There are only two cancer preventing vaccines currently available to the American public: the hepatitis B virus (HBV) vaccine and the human papillomavrius (HPV) vaccine. HPV’s are nonenveloped double stranded DNA viruses spread through intimate skin-to-skin contact. Many serotypes (~150) have been identified, and key strains are heavily linked to the development of cervical, anogenital, oropharyngeal, head, and neck cancers. Low-risk strains, such as types 6 and 11, cause low grade cervical cell changes and genital warts. High-risk strains, including types 16 and 18, encode several oncoproteins in their 8 Kb circular genome that manipulate cell cycle regulators, induce chromosomal abnormalities, and block apoptosis. These processes result in the continued abnormal differentiation of epithelial cells that can easily lead to tumors. The integration of the viral genome into the host genome shields the infection from the host’s immune response. There is no treatment for HPV infections besides removal of local legions, which does not usually eliminate infection.

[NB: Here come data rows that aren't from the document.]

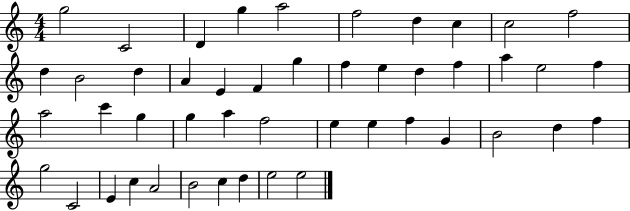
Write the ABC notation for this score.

X:1
T:Untitled
M:4/4
L:1/4
K:C
g2 C2 D g a2 f2 d c c2 f2 d B2 d A E F g f e d f a e2 f a2 c' g g a f2 e e f G B2 d f g2 C2 E c A2 B2 c d e2 e2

Despite the suggestion that essentially all cervical cancers are attributable to HPV, under 50% of the appropriate age groups are properly vaccinated. When the previously linked article was published, only 2 vaccines were used in the U.S: Cervarix, a bivalent for types 16 and 18; and Gardisil, a quadrivalent for types 6, 11, 16, and 18. Gardisil 9 (9vHPV) has since been introduced, which covers 5 additional cancer-causing serotypes and is now the only HPV vaccine in used in America. 9vHPV is a noninfectious virus-like particle (VLP) vaccination which underwent thorough clinical trials in over 15,000 females and males aged 9-26. All adverse effects were reported, most commonly relating to non-severe injection site events including pain, swelling and erythema with mild-to-moderate intensity. These events were reported more frequently than for the two previously used vaccines, but the protection it confers is deemed much more significant than short-lived irritation at the injection site.

Even with vaccine safety confirmed, vaccine refusal and misinformation are very common. Two doses of the HPV vaccine are recommended for all boys and girls at ages 11-12. If the sequence is started after age 15, 3 doses over 6 months, is recommended. In 2017, coverage among boys was 44.3%, compared with 53.1% in girls. Neither percentage is impressive, and the apparent gender gap relates to physician recommendations and misinformation among parents and teens. In the JAMA Pediatrics research letter, polling revealed that 60.1% of men, and 31.6% of women did not know HPV caused cervical cancer. Additionally, over 75% of adults were unaware that the virus also contributes largely to incidences of anal, oral, and penile cancers. A recent Pediatrics study investigated the recommendation practices of pediatricians and family physicians (FPs). The researchers emphasized the importance of using the “presumptive” style when discussing the vaccine, meaning it was introduced as routine along with menigitis and DTaP/TDaP vaccinations. Only 65% of pediatricians and 42% of FPs used this approach always or almost always. Ample room for improvement was identified in both stylistic approaches to introducing the vaccine to families, and emphasis on covering both boys and girls aged 11-12. It was noted that the 2 dose sequence was much more likely to be completed than the 3 dose sequence after age 15. Therefore, early introduction and adherence is crucial in eliminating HPV induced cancers from our nation’s medical concerns.